И когда он отдыхал, закинув ногу за ногу, его нашло ядро, охотившееся за ним еще в Италии, в пустынях Египта, в болотах Моравии и Польши, на равнинах Испании. Это было ядро, выпущенное из обычной трехфунтовой пушки, установленной поблизости от Энцерсдорфа. Оно ударило маршала как раз туда, где скрещивались его ноги, раздробив колено одной и перебив сухожилия другой. «Ничего особенного!» — воскликнул он, пытаясь подняться, но особенное уже произошло, и подняться ему не удалось. Залитые его кровью, солдаты понесли маршала на перевязочный пункт, но это причиняло ему мучительные боли. Марбо, его адъютант, взяв плащ убитого Пузе, собирался подложить его под Ланна.
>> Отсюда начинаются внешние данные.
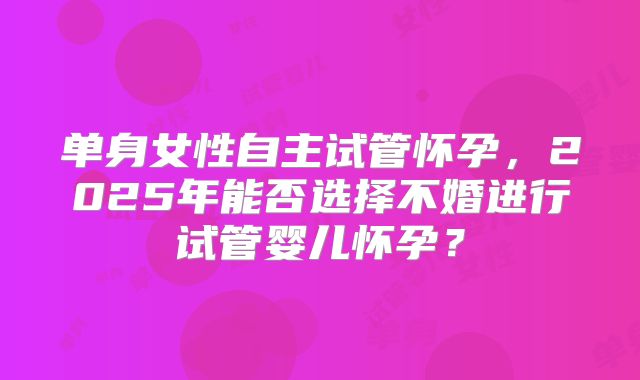 单身女性自主试管怀孕，2025年能否选择不婚进行试管婴儿怀孕？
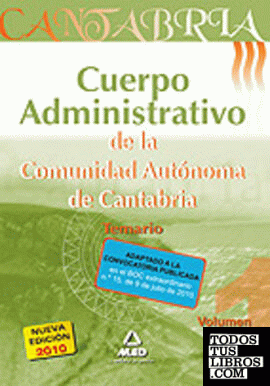 Cuerpo administrativo de la comunidad autónoma de cantabria. Temario. Volumen i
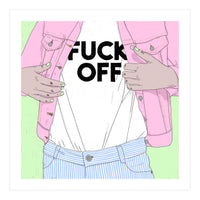 Just Fxxk Off (Print Only)
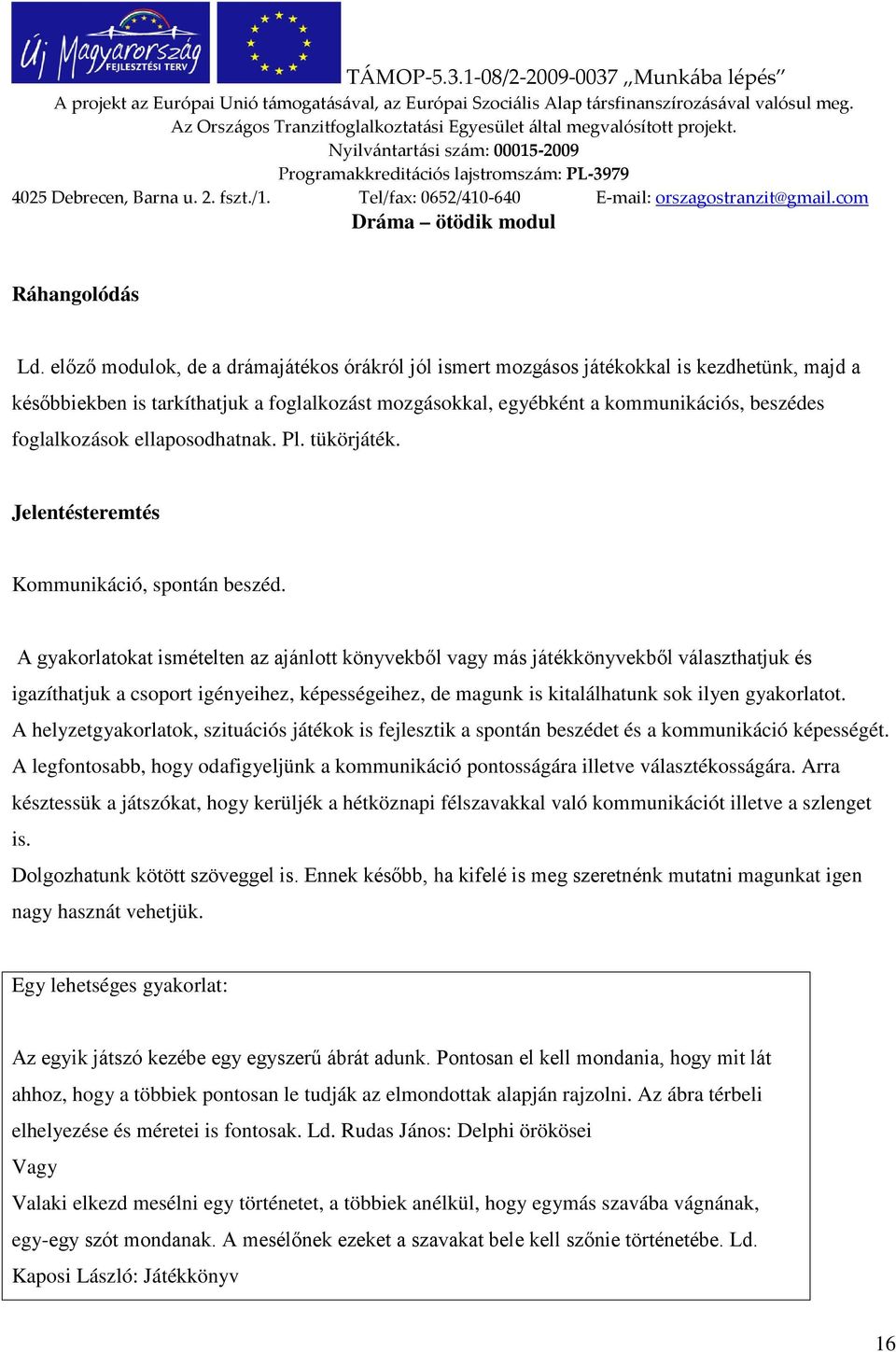 foglalkozások ellaposodhatnak. Pl. tükörjáték. Jelentésteremtés Kommunikáció, spontán beszéd.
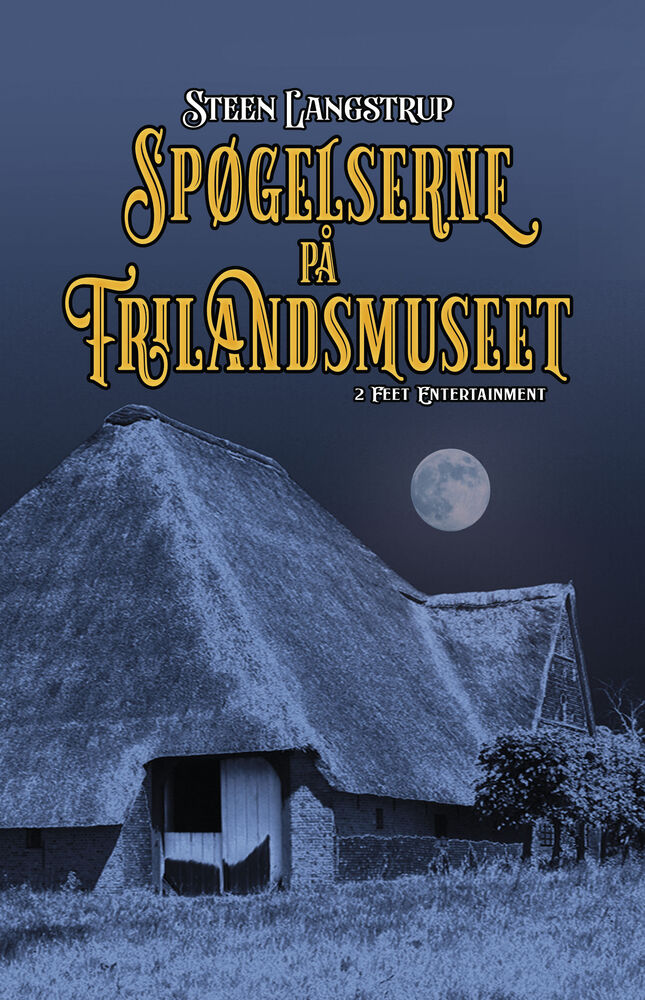 D1 Spøgelserne på Frilandsmuseet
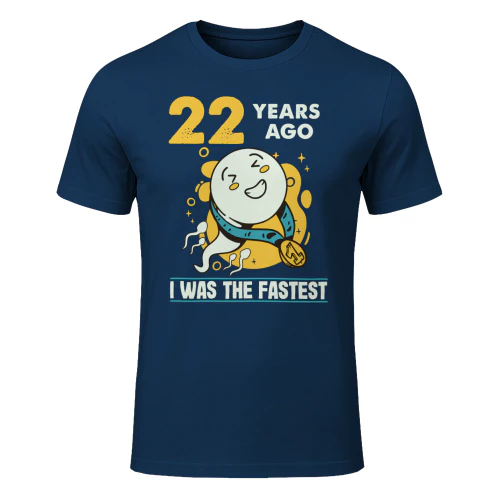 Funny 22nd Birthday Men Humor 22 Years Ago I Was The Fastest T-Shirt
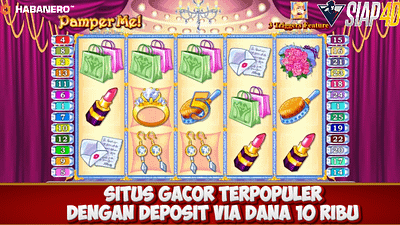 Situs Gacor Terpopuler Bermain Game Pamper Me! Dengan Deposit Via Dana 10Ribu
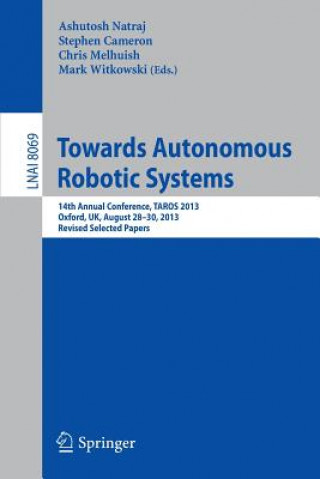 Kniha Towards Autonomous Robotic Systems Ashutosh Natraj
Но тот, хотя и испытывал страшную боль, узнал плащ и не захотел, чтобы его переносили на нем. «На нем кровь моего друга! — запротестовал он. — Несите меня, как несли». В конце концов солдаты соорудили носилки из ружей и донесли его до предмостных укреплений, где главный хирург армии Ларрей сделал ему первую перевязку. Уже потом, когда схватка утихла, его перенесли по восстановленному мосту на остров Лобау, и под покровом ночи через мост последовали те, кто удерживал Асперн и Эсслинг в течение тридцати часов и выжил. Это были закаленные люди, и они это знали. Для ветеранов Великой армии это был день самых страшных потерь после Прейсиш-Эйлау.
Австрийцы вступили на щедро политую кровью землю Эсслинга и Асперна, а французы установили на Лобау сотню тяжелых орудий. В течение пяти следующих недель обе армии наблюдали друг за другом через узкий рукав Дуная, затаившись, как два раненых динозавра, ожидающие момент, когда они смогут возобновить схватку.
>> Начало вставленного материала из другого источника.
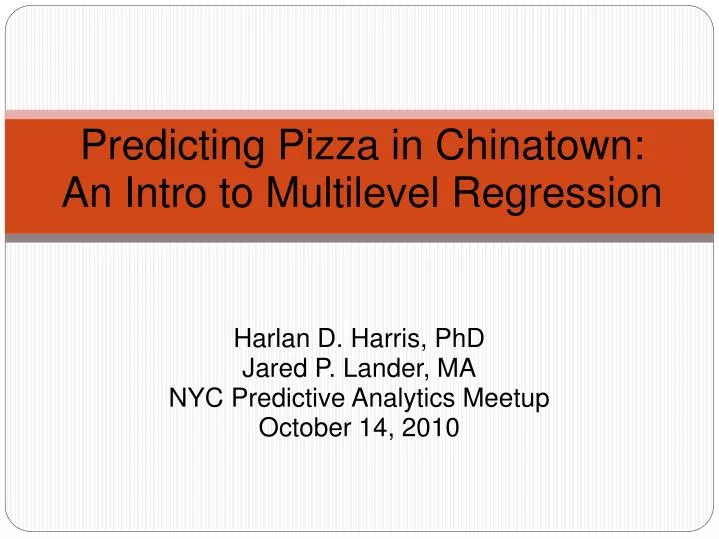 predicting pizza in chinatown an intro to multilevel regression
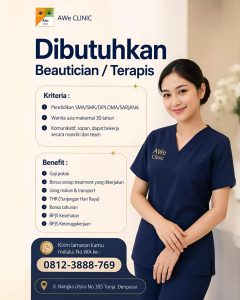 Lowongan Kerja Sebagai Beautician / Terapis untuk AWe Clinic Penempatan di Denpasar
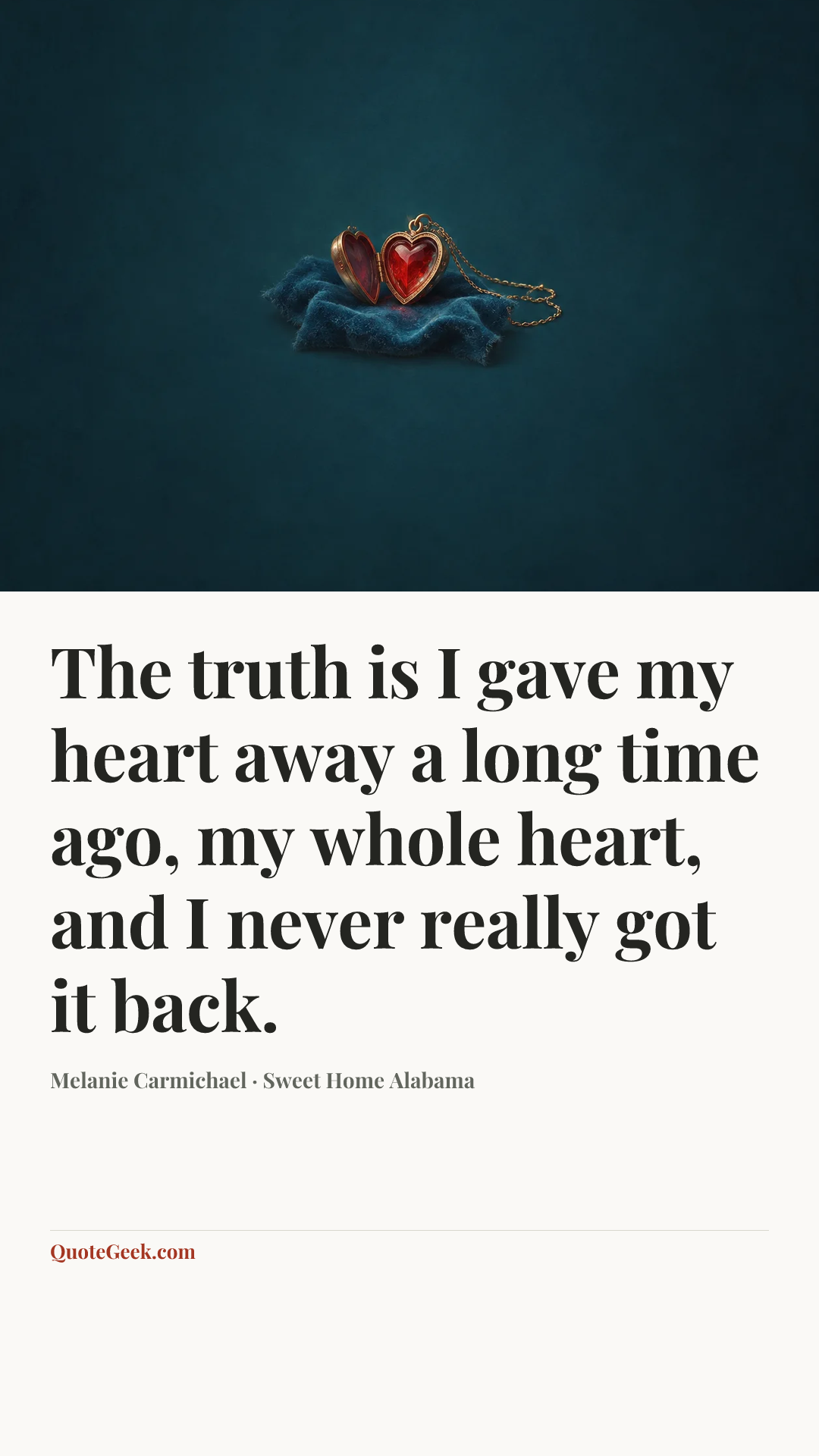 “The truth is I gave my heart away a long time ago, my whole heart, and I never really got it back.” — Melanie Carmichael · Sweet Home Alabama. Illustrated QuoteGeek card.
Ни одна из сторон раньше не оказывалась в такой ситуации. Для одной столкновение означало быструю и сокрушительную победу, для другой — позор и неизбежное поражение. Теперь их силы были настолько равными, что тривиальный просчет, допущенный одной стороной, или неожиданный боевой порыв у другой привели бы к триумфу или к катастрофе, и не только для участников схватки, но и для всей Европы в целом. Для командования обеих сторон наступил очень опасный момент, а палящее солнце, освещавшее палатки и биваки, располагало скорее к пассивности, чем к активным действиям.
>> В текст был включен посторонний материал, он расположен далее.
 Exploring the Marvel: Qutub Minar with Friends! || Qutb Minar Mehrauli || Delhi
Жара и высокая влажность медленно убивали Жана Ланна, калеку, лежащего в одном из домов Эберсдорфа. Между хирургами шел жаркий спор, следует ли ампутировать ему одну или обе ноги или же вообще не ампутировать ни одной. Возобладало мнение главного хирурга Ларрея, и была ампутирована нога с раздробленной коленной чашечкой. Ланн стоически перенес операцию, а когда у него началась лихорадка, стал просить воды. Кругом было очень много воды, но пить ее было нельзя. Наводнение и переправа армии через Дунай окрасили его воды в темно-коричневый цвет. Верный Марбо изготовил фильтр из батистовой рубашки Ланна, и его поили этой жижей. Наполеон заходил к маршалу дважды в день и, опускаясь перед другом на колени, убеждал его, что он будет жить и сражаться, и на какое-то время неукротимый гасконец поверил ему и послал за Меслером, знаменитым венским механиком, который слыл лучшим в мире мастером по изготовлению искусственных рук и ног. Но еще задолго до того, как Меслер смог бы снять мерку, Ланн впал в беспамятство. Он призывал видящиеся ему батальоны заполнить бреши в рядах наступающих, приказывал кирасирским дивизиям переломить ход схватки и всю ночь и весь день пытался вскочить с постели и принять командование в той кризисной ситуации, которая по-прежнему мучила его мозг. А потом, совершенно неожиданно, лихорадка отступила, и он стал узнавать людей, столпившихся у его кушетки. Он говорил о своей супруге, очаровательной герцогине де Монтебелло, и о своих пятерых детях. В тот же день, на рассвете, он тихо отошел, и Наполеон плакал. Мужественный Ахилл, так и не ставший хозяином красильни в Лектуре, теперь ушел вслед за Клебером, Дезе, Мюироном и злосчастным генералом Морланом, все еще дожидающимся в бочке с ромом, когда его замуруют в стену Зала героев Дома инвалидов. Единственный человек в Великой армии, никогда не боявшийся говорить Наполеону правду, был мертв, и армия считала эту потерю невосполнимой.
Его изуродованное тело было набальзамировано и отправлено в долгое путешествие в Париж. В должное время маршал займет свое место на кладбище Пер-Лашез, а сейчас пехота тотчас же забыла о любимом ею командире корпуса и принялась за сооружение прочного моста. Австрийцы стояли за рекой, и, пока они не будут разбиты, рассчитывать на покой не мог никто.